Der Bericht stellt fest, dass Ostdeutsche in Führungspositionen weiterhin deutlich unterrepräsentiert sind. Die Bundesregierung will mit dem fortgeschriebenen Konzept “Ostdeutsche in Führungspositionen” gegensteuern.
Wie wurde Elisabeth Kaiser zur Ostbeauftragten?
Ihr politischer Aufstieg folgt einem klaren Muster: lokale Verwurzelung, gefolgt von bundespolitischer Erfahrung. Von Juni 2024 bis März 2025 saß Kaiser im Stadtrat Gera (Bundesfinanzministerium). Seit 2018 ist sie Kreisvorsitzende der SPD im Kreis Gera. Von 2021 bis 2023 war sie stellvertretende innenpolitische Sprecherin der SPD-Bundestagsfraktion.
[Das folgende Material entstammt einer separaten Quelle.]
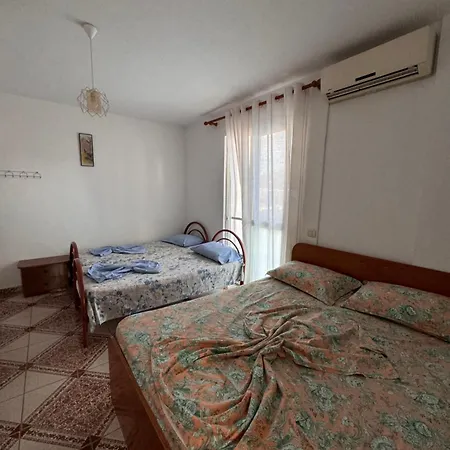 Retreat Guest house *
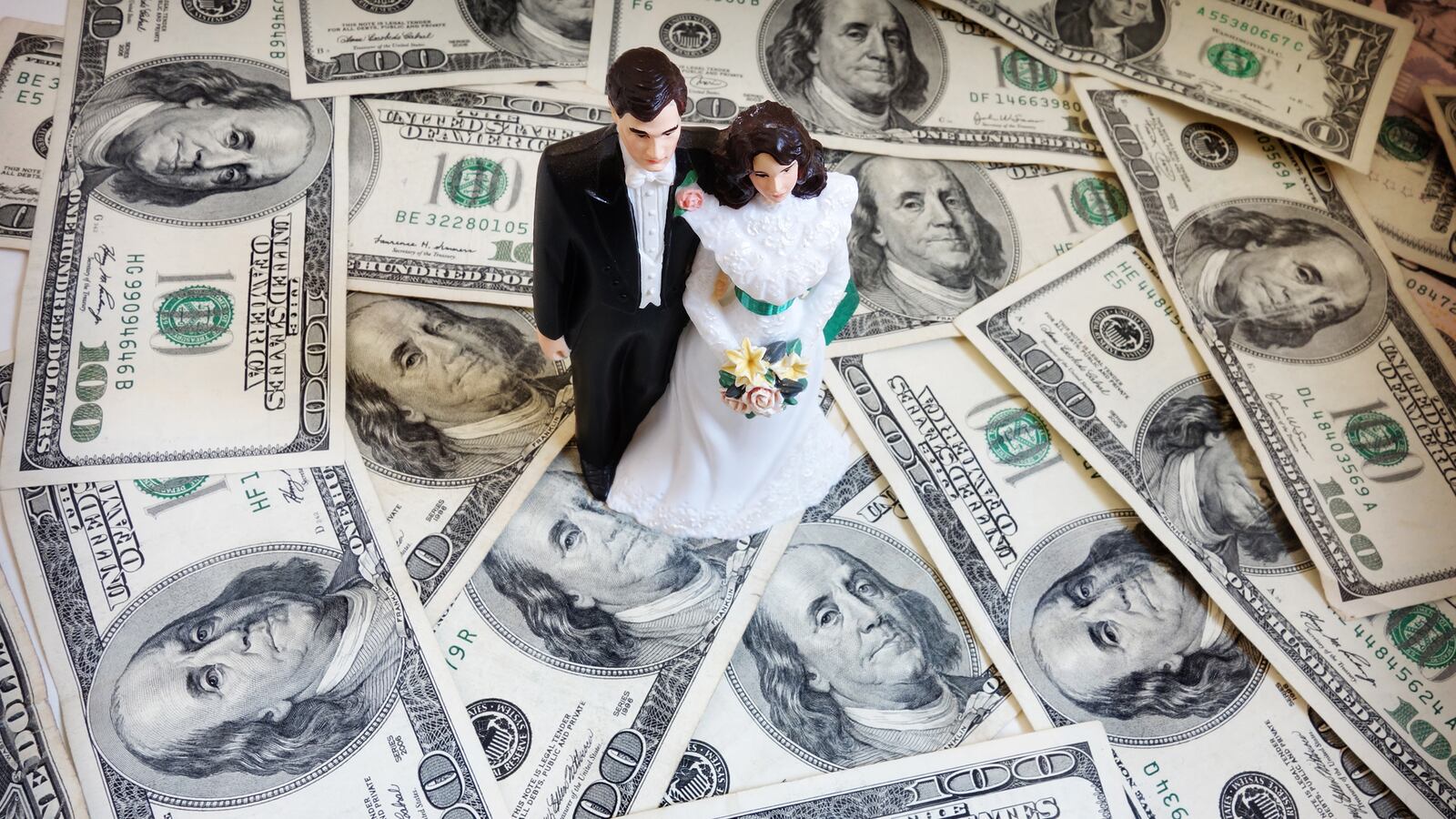 articles/2014/08/25/is-alimony-anti-feminist/140824-goff-Ending-Alimony-tease_wd9zqd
Von April 2023 bis Mai 2025 diente sie als Parlamentarische Staatssekretärin bei der Bundesministerin für Wohnen, Stadtentwicklung und Bauwesen (Deutscher Bundestag).
- 2017: Einzug in den Bundestag
- 2021–2023: Stellv. innenpolitische Sprecherin der SPD-Fraktion
- 2023–2025: Parlamentarische Staatssekretärin im Bauministerium
- 2024–2025: Mitglied im Stadtrat Gera
- 6. Mai 2025: Ernennung zur Ostbeauftragten
Zeitleiste der Karriere
- 4. März 1987: Geburt in Gera
- 2017: Einzug in den Deutschen Bundestag
- 2024–2025: Mitglied im Stadtrat Gera
- 6. Mai 2025: Ernennung zur Ostbeauftragten
Die Karriere-Chronologie zeigt: Kaiser kombinierte stets lokales Engagement mit bundespolitischer Arbeit, was den schnellen Aufstieg erklärbar macht.
de.wikipedia.org, deutschland.de, inforadio.de, ardsounds.de, instagram.com, youtube.com, spiegel.de
Ein ausführliches Porträt über Elisabeth Kaiser als Ostbeauftragte zeigt, wie die SPD-Politikerin aus Gera in ihr neues Amt eingeführt wurde.
Häufig gestellte Fragen
Welcher Partei gehört Elisabeth Kaiser an?
Elisabeth Kaiser ist Mitglied der SPD.
Wie lange ist Elisabeth Kaiser schon im Bundestag?
Sie gehört dem Deutschen Bundestag seit 2017 an.
Was genau macht die Ostbeauftragte?
Die Ostbeauftragte koordiniert die Bundespolitik für die neuen Bundesländer, berät die Bundesregierung und fördert den Dialog mit Ostdeutschland.
Wie kann man Elisabeth Kaiser kontaktieren?
Kontaktmöglichkeiten sind über die offizielle Website der Ostbeauftragten (ostbeauftragte.de) einsehbar.
Hat Elisabeth Kaiser eine eigene Website?
Eine persönliche Website ist nicht bekannt; die offizielle Präsenz erfolgt über die Seiten der Bundesregierung und des Bundestages.
Was verdient eine Ostbeauftragte?
Als Staatsministerin bezieht Kaiser eine Besoldung nach der Besoldungsordnung B (Bundesministerialgehalt).
Wie wird die Ostbeauftragte ernannt?
Die Ostbeauftragte wird von der Bundesregierung ernannt und ist dem Bundesfinanzministerium zugeordnet.